Princeton Üniversitesi öğrencileri, Filistin’e destek için ABD’de bir açlık grevi başlattı. Bu eyleme destek vermek isteyen öğretim üyeleri 3 Mayıs’ta greve katıldı ve eylem 8 gün boyunca devam etti. Akademisyenlerin yaptığı açıklamada, bir günlük dayanışma orucu tutarak greve destek verdikleri belirtildi. Öğrenci ve fakülte temsilcileri ile üniversite yönetimi arasında müzakereler düzenlenmesini talep ettiler.

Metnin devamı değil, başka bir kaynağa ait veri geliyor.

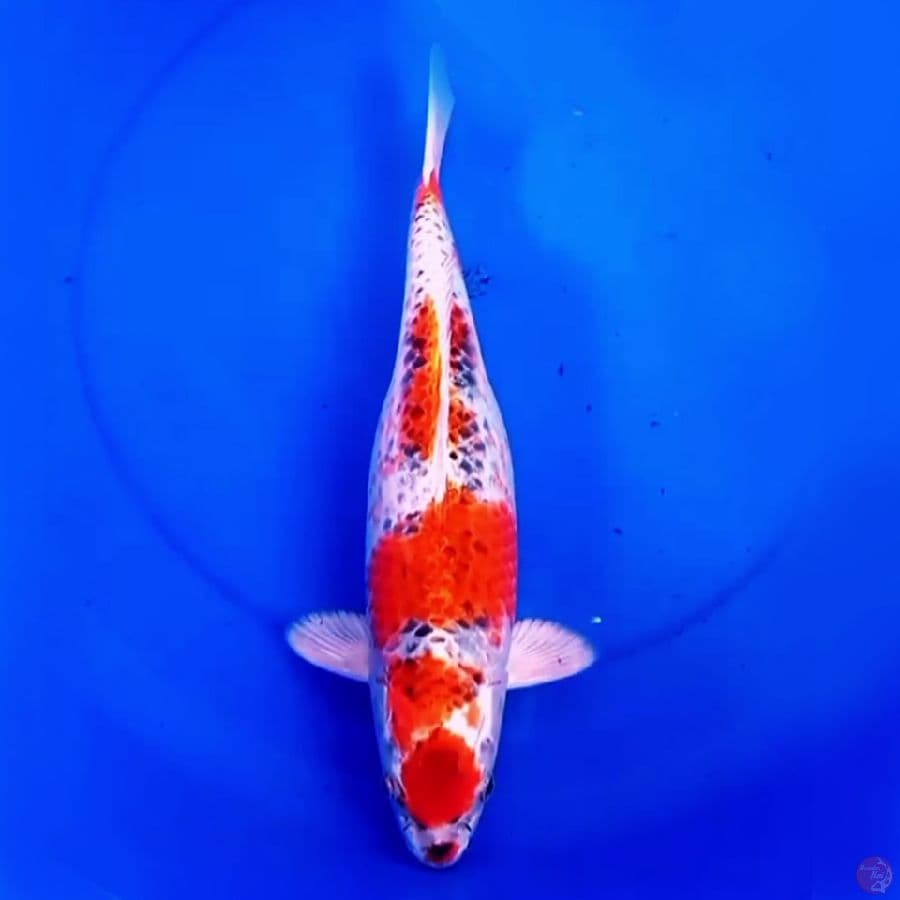 39cm RED KUJAKU STRONG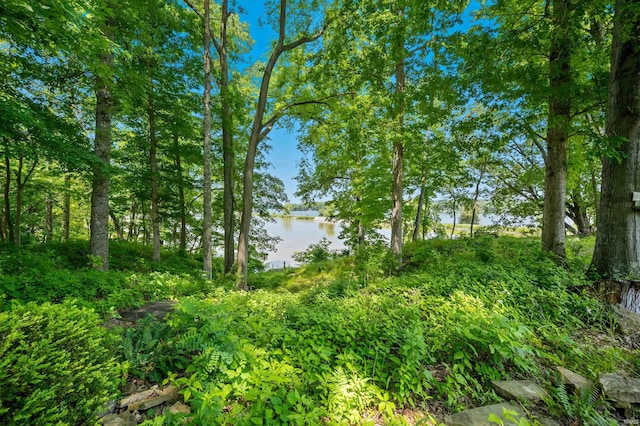 6521 Snug Harbour Ln, Unionville, IN 47468 - view of local wilderness featuring a nearby body of water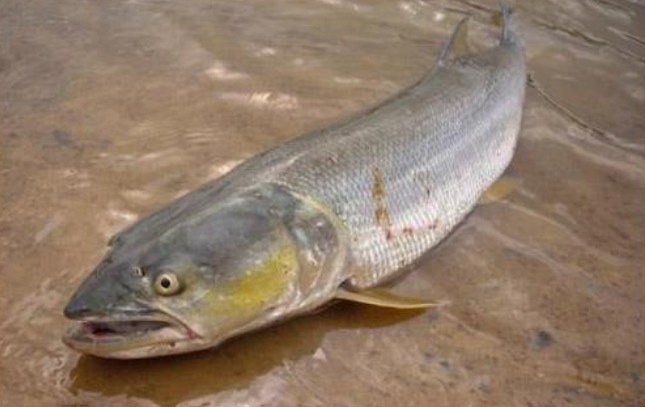 五种价格昂贵的淡水鱼味道鲜美赛过海鲜吃过两种的人都算幸运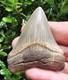 Calvert Cliffs Chubutensis Shark Tooth Fossil Not Megalodon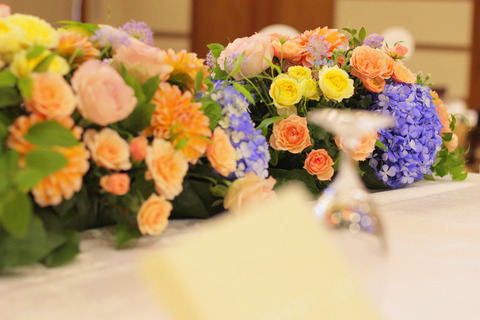 `wedd6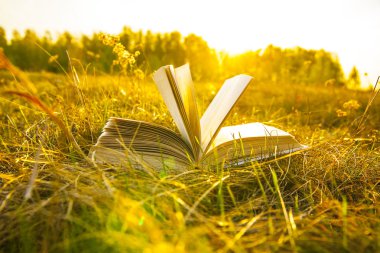 sonbahar alanında açık kitap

Açıklamada, üniversite yönetiminden İsrail’in Filistinlilere uyguladığı “soykırımı” durdurmaya ve Filistin topraklarındaki işgali sonlandırmaya kadar ülke ile ilişkileri kesmeleri çağrısında bulunuldu. Ayrıca, protestolara katıldıkları için disiplin cezası alan öğrenci, öğretim üyesi, personel ve topluluk üyelerine af sağlanması talep edildi. Princeton Üniversitesi’nin Filistin için adaleti savunanlara karşı “sindirme taktikleri” uyguladığı ve baskı ortamı yarattığı vurgulandı.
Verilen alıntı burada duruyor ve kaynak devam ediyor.